His career has taken him from Gay & Lesbian Youth Services to Horizon Health and to Spectrum Health and Human Services. In addition, he has volunteered his time and expertise to educate fellow professionals in the substance use and harm reduction field at many organizations. Khris is a published article contributor and sought after speaker. He uses these opportunities to publicly advocate for harm reduction and for destigmatizing issues surrounding substance use and mental health.

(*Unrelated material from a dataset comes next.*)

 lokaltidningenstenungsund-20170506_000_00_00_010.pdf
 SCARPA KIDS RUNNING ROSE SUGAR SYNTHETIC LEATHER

Rick Laude has worked in the SUD prevention field for over 22 years. All of those years have been with Preventionfocus. Rick’s title is currently Senior Prevention Specialist. In that role, Rick is responsible for training new staff, maintaining all curriculum and helping with program scheduling, while supervising some staff and providing a full load of direct service in his assigned schools. Throughout his career, Rick has remained true to one of his favorite catch phrases, “I’m here to help.” Whether it’s helping a rookie prevention specialist handle a troublesome classroom situation or schedul-ing dilemma or taking an extra shift at the Erie County Fair or some grass roots coalition event, Rick is always willing. Whether it’s moving furniture for an office renovation or transporting the Preventionfocus traveling display to a shopping mall or helping with the office copier or laminator, or filling out a stat form, Rick has always been everyone’s “go to guy.” His puppet work delivering the Mendez Foundation’s “Too Good for Violence” curriculum is legendary. His voice for Carmen the Cat is his take on Kathy Griffin doing an impression of Cher and it leaves students and faculty rolling in the aisles of every classroom he does. In June, the Charter School for Applied Technologies (CSAT) made a school-wide project of doing a thank you video for him that ran 25 minutes because no classroom teacher wanted to be left out. His passion and enthusiasm for our work is as infectious today as it was on his first day at Preventionfocus. Although he is not quite 102 years old, as he likes to claim, his energy is remarkable for a person who has done this work for as long as he has. His pre and post testing results in his classrooms have been stellar year in and year out. For all of these reasons, shadowing Rick is a requirement for all new hires at the agency. Dozens of colleagues, hundreds of teachers, and thousands of students who have ever met Rick Laude over the years are definitely better for having the experience.